The padre’s Italian rings clear and crisp, each syllable enunciated. Yet it echoes down the Basilica di Santo Spirito like a lively intellectual discussion, rather than the dry, cold dictates of Father Gottwald at the Holy Redeemer of my memory.

During his 20-minute homily, the friar talks about family, church and community. About a chiesa both historical and relevant today. About contemplating the place of Christianity in our lives. I only catch these snatches of thoughts, as I don’t speak Italian well. But he is not challenging us, not arguing with us, not punishing us. He is merely sharing his thoughts about the readings, real life and how to fit God into all of it.
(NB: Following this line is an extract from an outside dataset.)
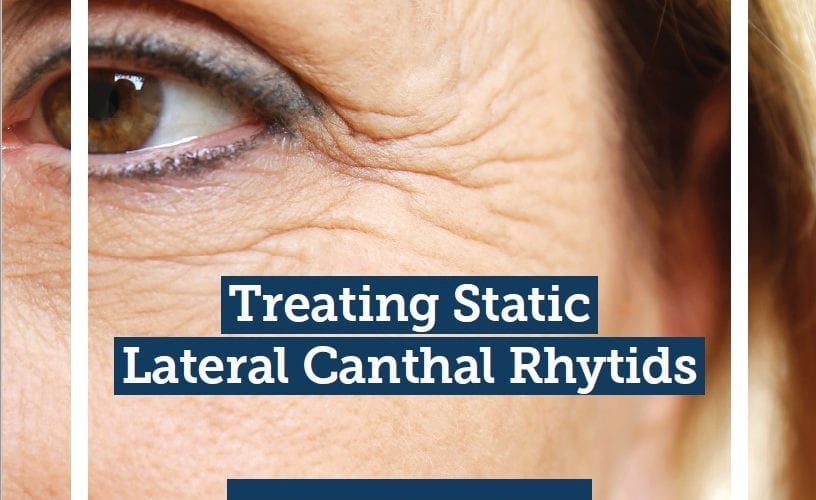 Aesthetics Journal Expert Opinion – Treating Static Lateral Canthal Rhytids (‘Crow’s Feet’)
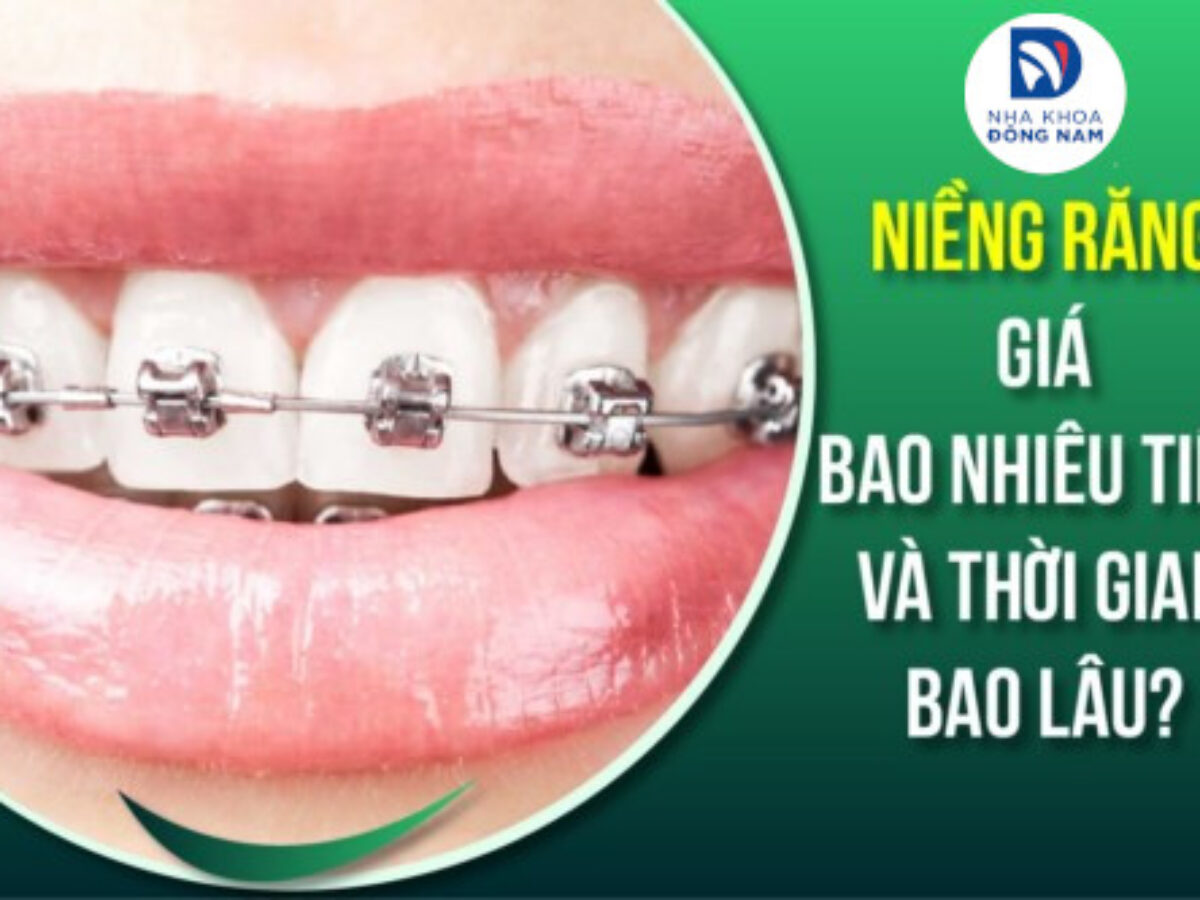 Niềng Răng - nhakhoadongnam.com: Giải Pháp Thẩm Mỹ Và Chức Năng Toàn Diện image-1748276945346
Surrounding him, the altar and sacristy of intricate inlaid marble and stone – like an oversized four-post bed, with a latticework iron cap – glows from both natural light and electric candles spaced along its walls. A single fresh flower bouquet is placed near the sacristy door. The gesture is truly unnecessary.

When we kneel, the worn, unpadded benches are just as unforgiving as I remember in my youth. I squirm to relieve the pressure on my knees, but not as much as the two restless toddlers behind me. The elderly man in front of me rises from his knees and leans over the railing instead.

The exchange of the peace catches me by surprise, and I whisper “peace” to those all around me who reach out to shake my hand. They appear not to notice my English. But I am prepared for the collection. The 8-year-old and her mother pass the collection dish up and down the aisles, and I add 3 euro.

The wooden confessional to my left warns me sternly as the others rise for Communion. I sit put. And soon the service is over, the last hymn sung, the people rising and socializing, as happens in churches, temples and mosques all over the world after worship.

As I move toward the door of the Basilica di Santo Spirito I see the friar, back in his black hooded robe, lay his hand, one-by-one, on the young twins who had squirmed behind me the entire service. Their father, in orange linen pants and handmade leather shoes, watches benevolently.

Next comes the 8-year-old, her long ponytail swinging, as she moves toward the padre. He speaks quietly to her, touches her head, and she replies, smiling. He raises his eyes and extends the smile to me.

And then we are out the door, back into the piazza, into the sunshine, the experience of celebrating Mass together trailing behind us like the lingering notes of a Renaissance operetta. But an operetta unfinished.